# Problem
Write out exactly the lines of the entries below from the one holding "WEB限定】Vネックニットワンピース≪丈長めあり／手洗い可能" to the one holding "Tuilerierne og Tuilerierne, ca.", inclusive, and leave out all other lines.

# Data under study
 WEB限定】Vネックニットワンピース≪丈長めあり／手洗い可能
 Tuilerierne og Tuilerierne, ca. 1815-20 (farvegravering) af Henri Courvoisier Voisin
--
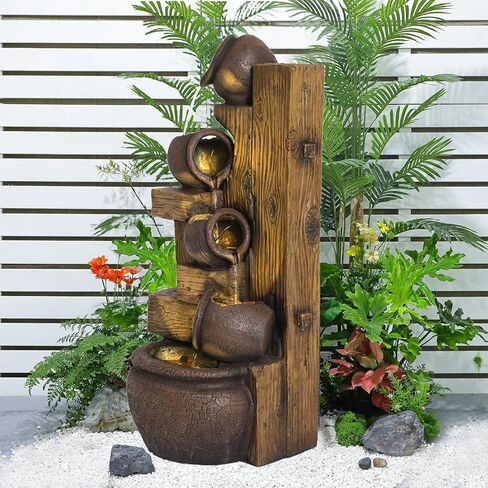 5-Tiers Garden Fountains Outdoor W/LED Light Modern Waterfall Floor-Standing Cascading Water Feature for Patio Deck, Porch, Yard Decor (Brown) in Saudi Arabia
* * *
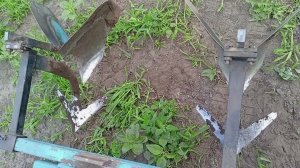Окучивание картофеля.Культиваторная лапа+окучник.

# Response
 WEB限定】Vネックニットワンピース≪丈長めあり／手洗い可能
 Tuilerierne og Tuilerierne, ca. 1815-20 (farvegravering) af Henri Courvoisier Voisin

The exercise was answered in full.